Passenger numbers rose by 16 per cent, thanks in part to its new ‘customer-friendly’ tactics.

Ryanair chief executive Michael O’Leary promised the company would use the first half performance ‘to pass on very aggressive pricing so that we fill 15 per cent capacity growth in the second half instead of 10 per cent.

Ryanair has been flying high on the back of a new approach to make customers happier, including allocated seating and trying to change its reputation for sneaky fees.

The airline also hopes to introduce new menus, interiors and staff uniforms this year, and take delivery of 31 new aircraft.

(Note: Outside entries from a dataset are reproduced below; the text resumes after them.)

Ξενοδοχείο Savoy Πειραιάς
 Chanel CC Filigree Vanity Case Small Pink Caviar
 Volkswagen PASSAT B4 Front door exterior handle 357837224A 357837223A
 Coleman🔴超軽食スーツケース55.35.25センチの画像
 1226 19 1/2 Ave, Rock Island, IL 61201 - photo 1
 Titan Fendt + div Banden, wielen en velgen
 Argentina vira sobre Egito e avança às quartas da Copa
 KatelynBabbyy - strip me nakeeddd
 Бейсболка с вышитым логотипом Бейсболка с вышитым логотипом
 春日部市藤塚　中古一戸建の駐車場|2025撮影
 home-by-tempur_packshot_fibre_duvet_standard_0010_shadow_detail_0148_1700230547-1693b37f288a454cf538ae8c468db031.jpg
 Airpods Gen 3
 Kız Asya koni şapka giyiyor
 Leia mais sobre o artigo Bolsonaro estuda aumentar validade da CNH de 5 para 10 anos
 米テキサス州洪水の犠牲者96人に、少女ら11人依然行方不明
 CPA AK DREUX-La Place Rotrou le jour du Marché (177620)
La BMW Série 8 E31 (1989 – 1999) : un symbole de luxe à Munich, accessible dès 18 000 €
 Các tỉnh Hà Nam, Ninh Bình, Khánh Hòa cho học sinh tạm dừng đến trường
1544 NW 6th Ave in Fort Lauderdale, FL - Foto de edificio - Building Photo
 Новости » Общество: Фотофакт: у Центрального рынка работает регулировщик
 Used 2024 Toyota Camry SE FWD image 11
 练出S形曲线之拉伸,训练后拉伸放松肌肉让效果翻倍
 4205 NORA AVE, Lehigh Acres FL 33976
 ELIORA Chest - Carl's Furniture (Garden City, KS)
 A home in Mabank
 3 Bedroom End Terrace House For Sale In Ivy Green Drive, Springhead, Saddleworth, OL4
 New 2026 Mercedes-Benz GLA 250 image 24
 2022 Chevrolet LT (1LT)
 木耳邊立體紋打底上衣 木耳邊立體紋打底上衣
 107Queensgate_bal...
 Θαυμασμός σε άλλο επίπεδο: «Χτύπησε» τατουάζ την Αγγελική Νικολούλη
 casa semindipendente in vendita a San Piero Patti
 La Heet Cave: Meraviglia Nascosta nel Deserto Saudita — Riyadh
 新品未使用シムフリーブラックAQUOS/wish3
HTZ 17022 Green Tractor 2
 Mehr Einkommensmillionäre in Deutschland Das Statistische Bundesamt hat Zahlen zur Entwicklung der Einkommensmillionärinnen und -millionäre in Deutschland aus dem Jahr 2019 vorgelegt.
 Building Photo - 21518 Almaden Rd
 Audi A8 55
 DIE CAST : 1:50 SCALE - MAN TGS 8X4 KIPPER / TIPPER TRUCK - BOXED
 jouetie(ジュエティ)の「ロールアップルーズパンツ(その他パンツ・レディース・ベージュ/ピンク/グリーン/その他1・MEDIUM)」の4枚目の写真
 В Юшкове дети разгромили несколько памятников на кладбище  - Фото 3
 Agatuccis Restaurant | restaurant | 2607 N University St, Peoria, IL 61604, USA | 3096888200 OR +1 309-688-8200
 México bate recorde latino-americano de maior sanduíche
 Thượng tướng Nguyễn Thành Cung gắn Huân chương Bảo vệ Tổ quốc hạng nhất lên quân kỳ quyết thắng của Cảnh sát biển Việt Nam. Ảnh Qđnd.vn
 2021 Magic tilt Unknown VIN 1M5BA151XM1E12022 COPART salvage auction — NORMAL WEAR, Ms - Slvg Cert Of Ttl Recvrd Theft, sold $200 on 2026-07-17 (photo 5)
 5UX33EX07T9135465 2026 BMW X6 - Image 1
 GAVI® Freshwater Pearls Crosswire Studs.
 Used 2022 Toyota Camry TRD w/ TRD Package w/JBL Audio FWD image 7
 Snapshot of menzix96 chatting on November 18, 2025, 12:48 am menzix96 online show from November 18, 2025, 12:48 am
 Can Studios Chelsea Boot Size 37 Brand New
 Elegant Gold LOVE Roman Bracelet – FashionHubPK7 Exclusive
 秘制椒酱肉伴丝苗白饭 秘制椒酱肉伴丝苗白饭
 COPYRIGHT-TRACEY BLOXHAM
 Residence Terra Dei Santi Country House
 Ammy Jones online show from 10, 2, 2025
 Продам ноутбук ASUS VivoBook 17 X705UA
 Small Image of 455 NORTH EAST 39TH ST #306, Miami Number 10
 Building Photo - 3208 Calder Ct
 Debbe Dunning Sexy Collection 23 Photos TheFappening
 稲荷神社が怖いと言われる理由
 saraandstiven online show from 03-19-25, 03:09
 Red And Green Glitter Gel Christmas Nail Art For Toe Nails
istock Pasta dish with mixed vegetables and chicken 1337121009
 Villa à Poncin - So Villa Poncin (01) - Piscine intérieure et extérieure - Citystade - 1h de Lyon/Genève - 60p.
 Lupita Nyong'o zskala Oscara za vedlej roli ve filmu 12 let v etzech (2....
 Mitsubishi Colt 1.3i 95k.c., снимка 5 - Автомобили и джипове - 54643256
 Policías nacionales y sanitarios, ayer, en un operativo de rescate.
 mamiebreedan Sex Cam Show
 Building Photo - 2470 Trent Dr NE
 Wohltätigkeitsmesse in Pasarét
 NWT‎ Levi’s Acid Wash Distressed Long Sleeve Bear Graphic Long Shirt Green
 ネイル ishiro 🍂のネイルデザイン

Ryanair’s profit rose to €245million for the first three months of 2015, up from €197million a year earlier.

Mr O’Leary said : ‘Our mix of low fares, best on time performance and enhanced customer experience under our ‘Always Getting Better’ programme, continues to attract millions of new customers.

‘At the same time our focus on cost enables us to pass on lower fares to customers’.

Ryanair flies to Malta from more than a dozen destinations, including Edinburgh, Glasgow Prestwick, Bournemouth, Leeds Bradford, Bristol, Birmingham, Dublin, Liverpool, Gothenburg Barcelona, Milan, Turin, Venice, Luton, Stockholm, Madrid and Pisa.